La figura di Atena ha alcuni elementi in comune con la Madonna, tra cui il ruolo di protezione delle città

“Nella cultura cristiana – infatti – alla Vergine Maria viene affidata la protezione dell’intera comunità, e non è un caso se molte “chiese madri” (o “chiese matrici”), dalle Cattedrali alle sedi delle Parrocchie, sono state intitolate a Maria con titoli diversi, e nonostante la presenza di altri Santi patroni.”

Nella nostra città troviamo una chiesa molto importante nella quale è presente una dedica specifica alla Madonna, la Basilica di San Bernardino. Nel portone centrale, infatti, un’incisione su una lunetta ci dice che la chiesa è consacrata alla Vergine Madre del Dio Vivente e a San Bernardino (il Dio Vivente è Gesù, ossia Dio che si è fatto uomo e quindi vivente).

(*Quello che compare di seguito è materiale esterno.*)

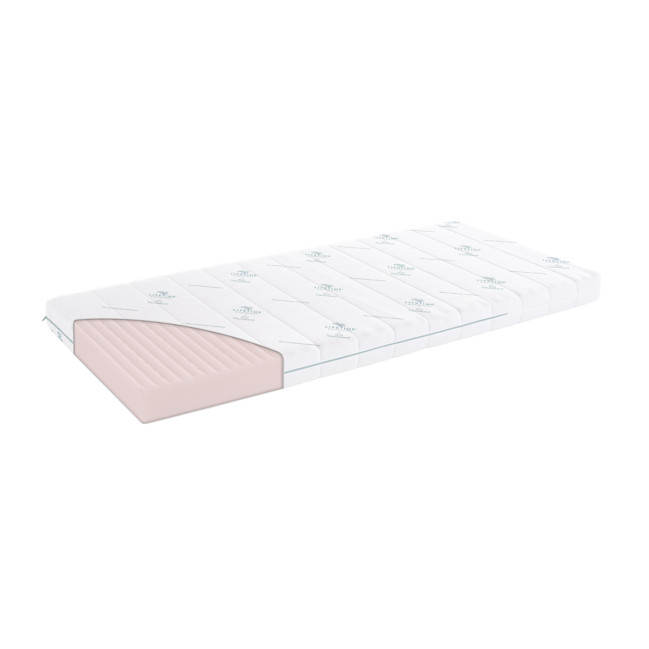 Lifetime x Träumeland - Matelas en mousse souple - Classique 90 x 200 cm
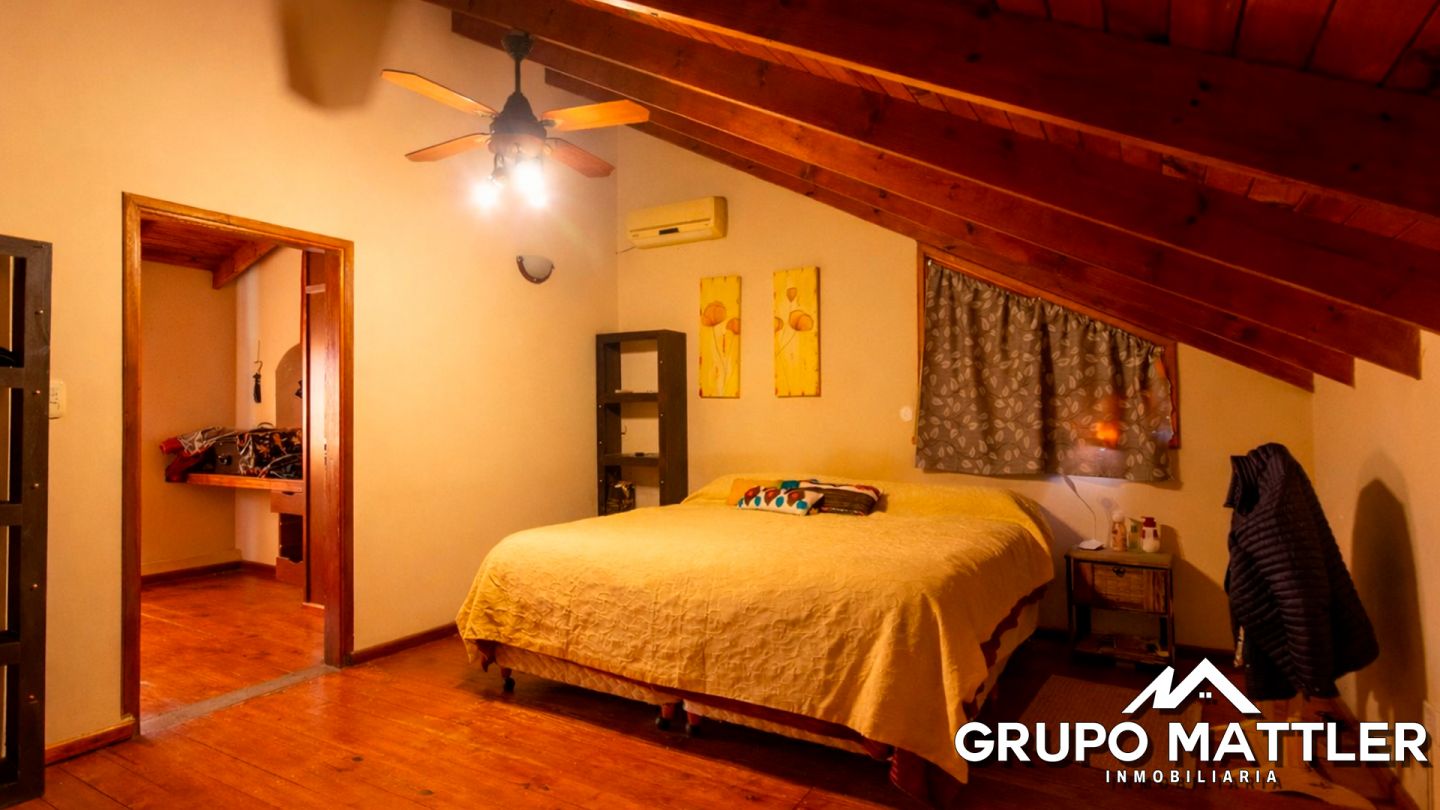 VENTA DE CASA EN Villa General Belgrano - 12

“Le figure scolpite a rilievo nella lunetta – spiega Rosati – ci chiariscono ulteriormente i dubbi: al centro della composizione vediamo la Madonna seduta con il Bambino Gesù; a sinistra, San Francesco d’Assisi ci ricorda che entriamo in una chiesa francescana, mentre a destra è ritratto San Bernardino da Siena (lo riconosciamo perché indica il famoso trigramma del “Nome di Gesù”) che poggia la mano sulla spalla di un uomo in genuflessione. Sotto la figura di quest’uomo leggiamo un nome: “Hieronimus de Nurcia”, Geronimo (o Gerolamo) da Norcia, procuratore della fabbrica della Basilica tra il 1558 e il 1562”.

Molto importante anche la chiesa madre di Paganica che  è intitolata a Santa Maria Assunta anche se oggi , come dice Rosati “unisce i titoli di “Santa Maria Assunta e Santa Croce” dal nome di una chiesa vicina scomparsa nel XX secolo; per non parlare della chiesa madre di Santa Maria Assunta nel vicino borgo di Assergi che aveva in città la sua chiesa omonima, poi ridenominata Santa Maria del Carmine, come la conosciamo oggi” .

Anche a  Gignano e Bagno,  le chiese parrocchiali intitolate a Santa Maria Assunta.